_What to produce_
If pictures appear in the lines below, skip them and copy exactly the lines from the one containing "Character flat drawing" through the one containing "iPearl mCover Hard", and nothing else.
■ ■ ■ ■ ■
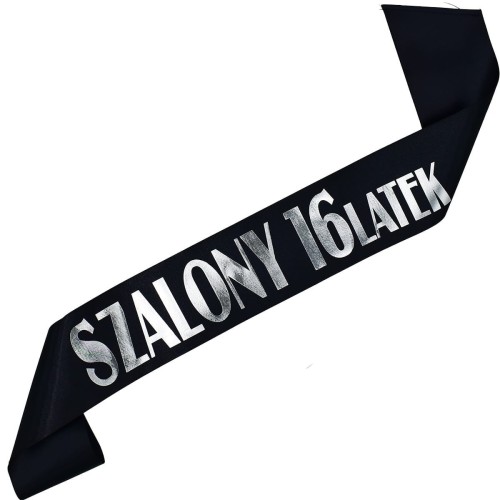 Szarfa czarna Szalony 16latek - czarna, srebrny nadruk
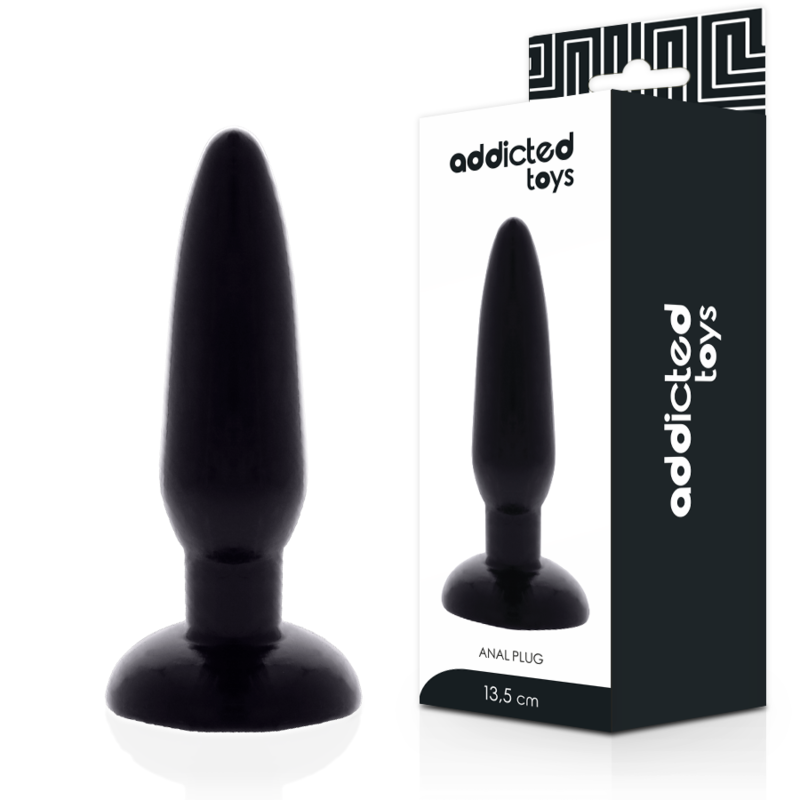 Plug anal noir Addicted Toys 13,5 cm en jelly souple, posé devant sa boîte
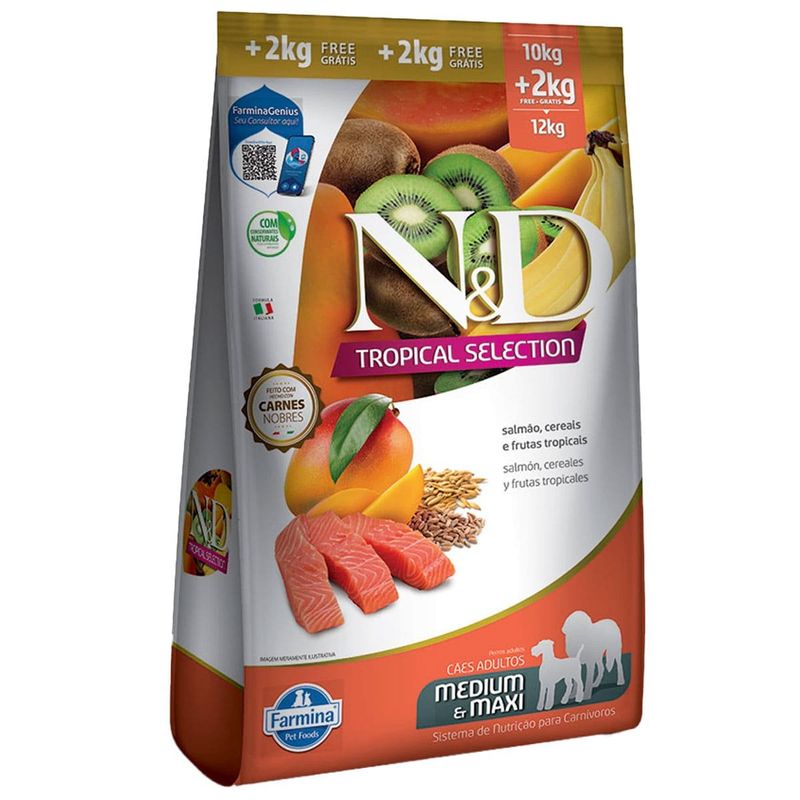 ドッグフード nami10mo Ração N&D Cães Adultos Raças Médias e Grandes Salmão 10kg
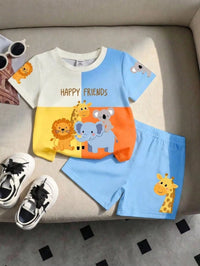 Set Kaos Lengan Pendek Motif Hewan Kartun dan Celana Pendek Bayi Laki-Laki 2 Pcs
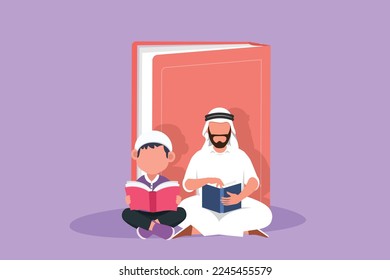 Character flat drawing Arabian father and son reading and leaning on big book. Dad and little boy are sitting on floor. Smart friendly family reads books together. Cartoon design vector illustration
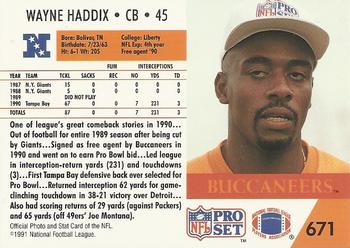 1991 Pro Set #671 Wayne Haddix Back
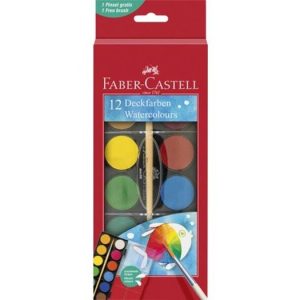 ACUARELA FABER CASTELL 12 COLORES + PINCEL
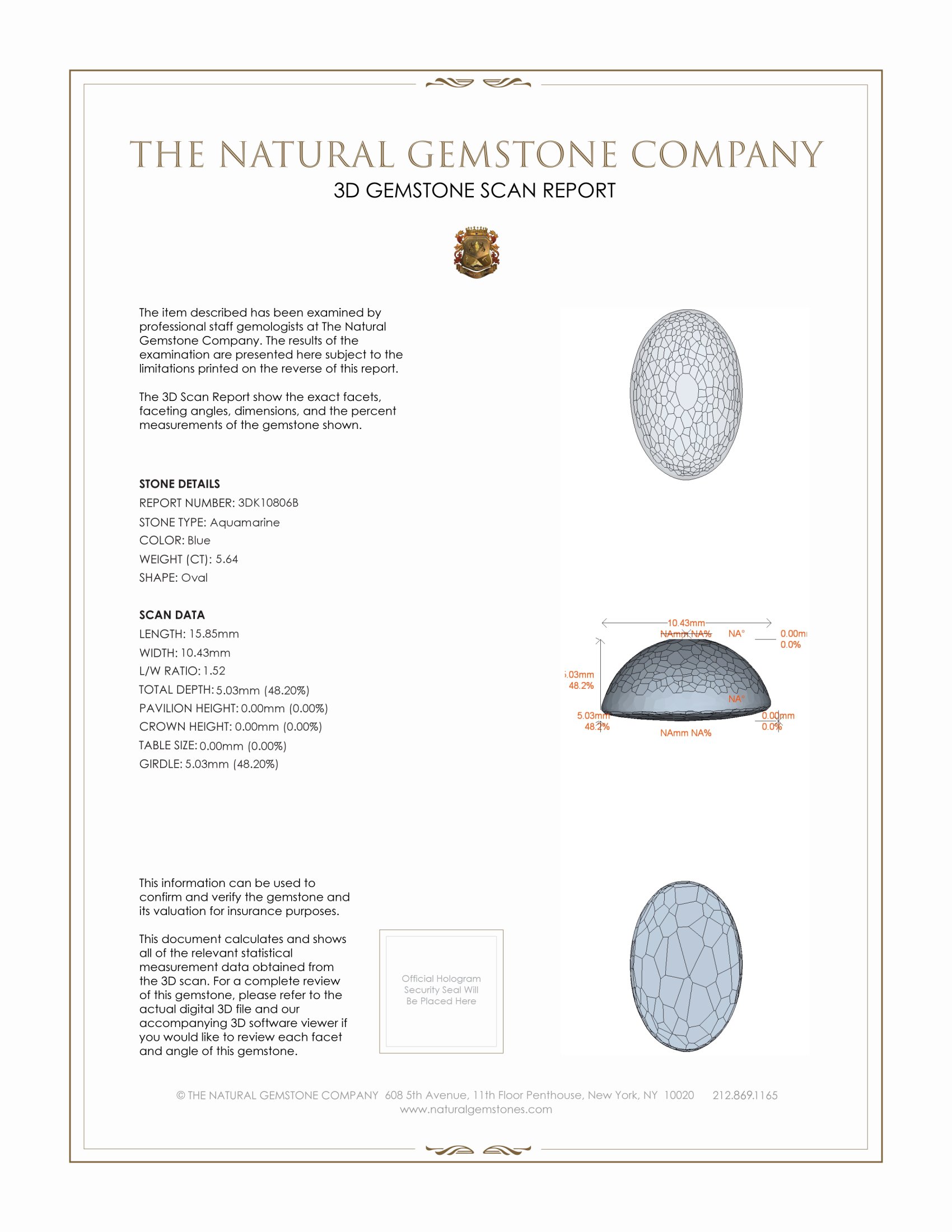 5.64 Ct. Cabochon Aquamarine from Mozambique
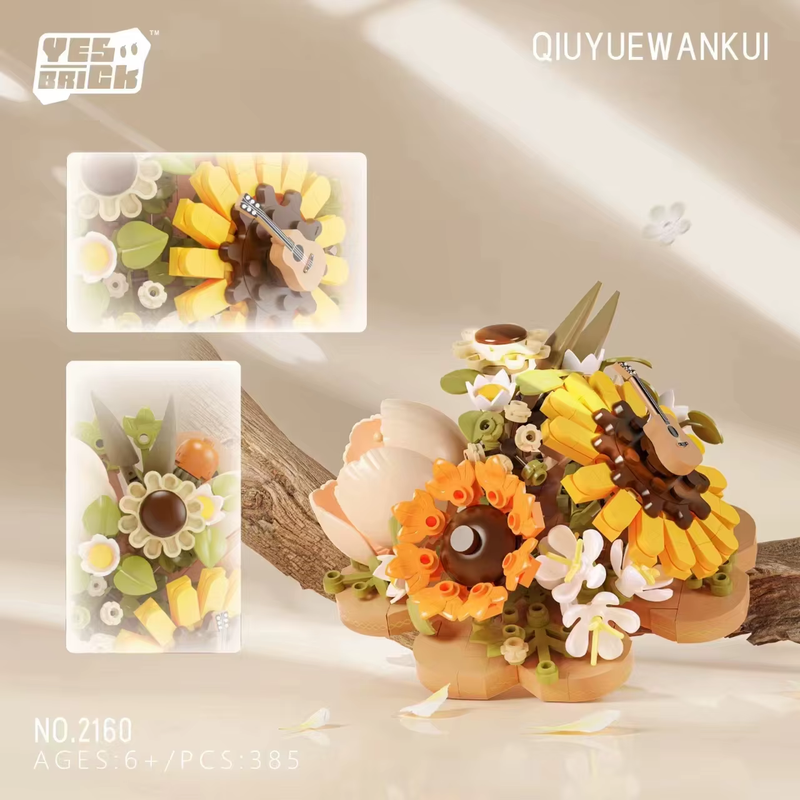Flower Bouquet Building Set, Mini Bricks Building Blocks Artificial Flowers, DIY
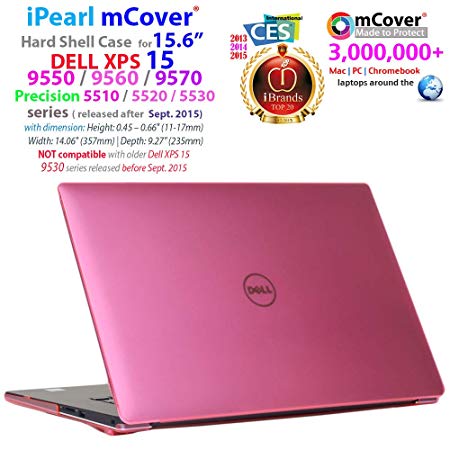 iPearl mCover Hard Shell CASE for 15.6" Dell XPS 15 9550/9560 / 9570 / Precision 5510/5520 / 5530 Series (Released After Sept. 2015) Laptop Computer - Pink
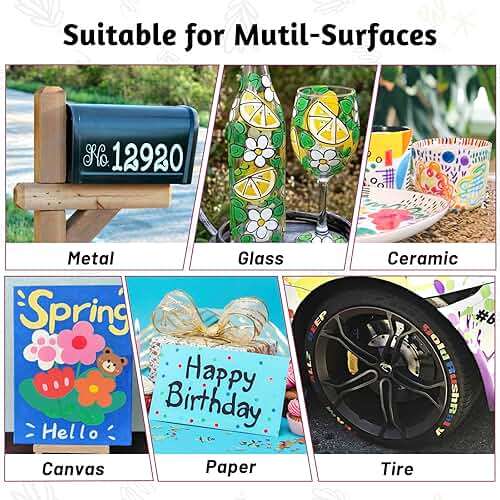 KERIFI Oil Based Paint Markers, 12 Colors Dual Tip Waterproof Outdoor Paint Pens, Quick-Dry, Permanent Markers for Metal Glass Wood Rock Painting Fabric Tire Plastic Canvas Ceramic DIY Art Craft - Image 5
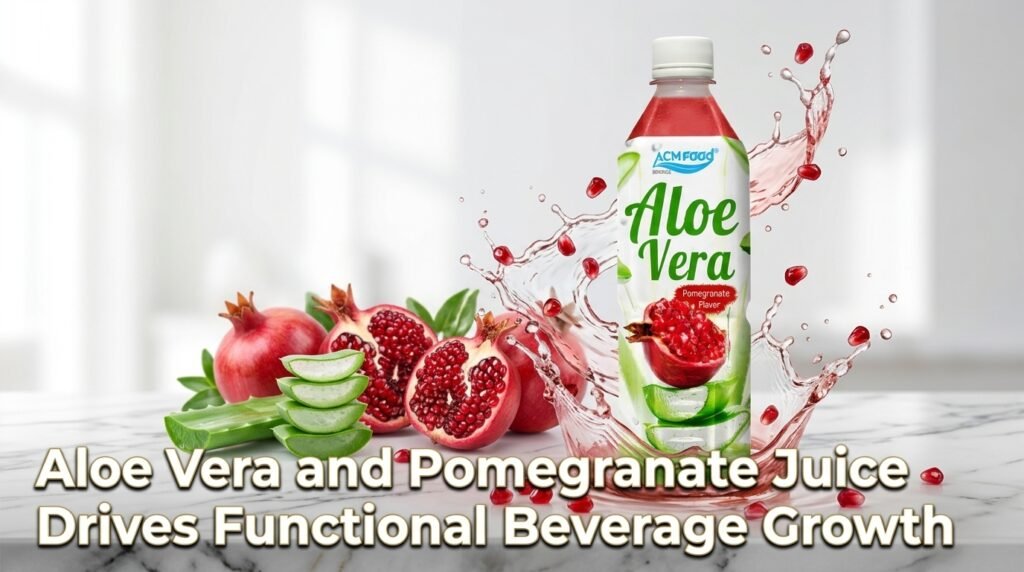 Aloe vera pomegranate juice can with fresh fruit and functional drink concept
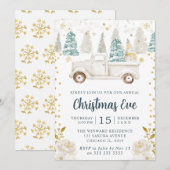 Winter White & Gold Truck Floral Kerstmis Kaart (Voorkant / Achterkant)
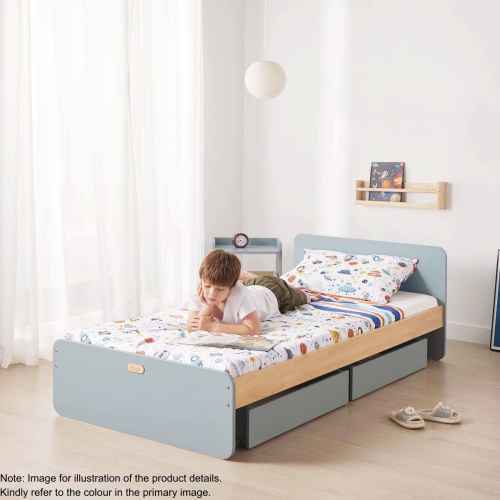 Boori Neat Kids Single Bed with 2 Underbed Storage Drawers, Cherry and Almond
■ ■ ■ ■ ■
_Answer for the task_
 Character flat drawing Arabian father and son reading and leaning on big book. Dad and little boy are sitting on floor. Smart friendly family reads books together. Cartoon design vector illustration
 1991 Pro Set #671 Wayne Haddix Back
 ACUARELA FABER CASTELL 12 COLORES + PINCEL
 5.64 Ct. Cabochon Aquamarine from Mozambique
Flower Bouquet Building Set, Mini Bricks Building Blocks Artificial Flowers, DIY
 iPearl mCover Hard Shell CASE for 15.6" Dell XPS 15 9550/9560 / 9570 / Precision 5510/5520 / 5530 Series (Released After Sept. 2015) Laptop Computer - Pink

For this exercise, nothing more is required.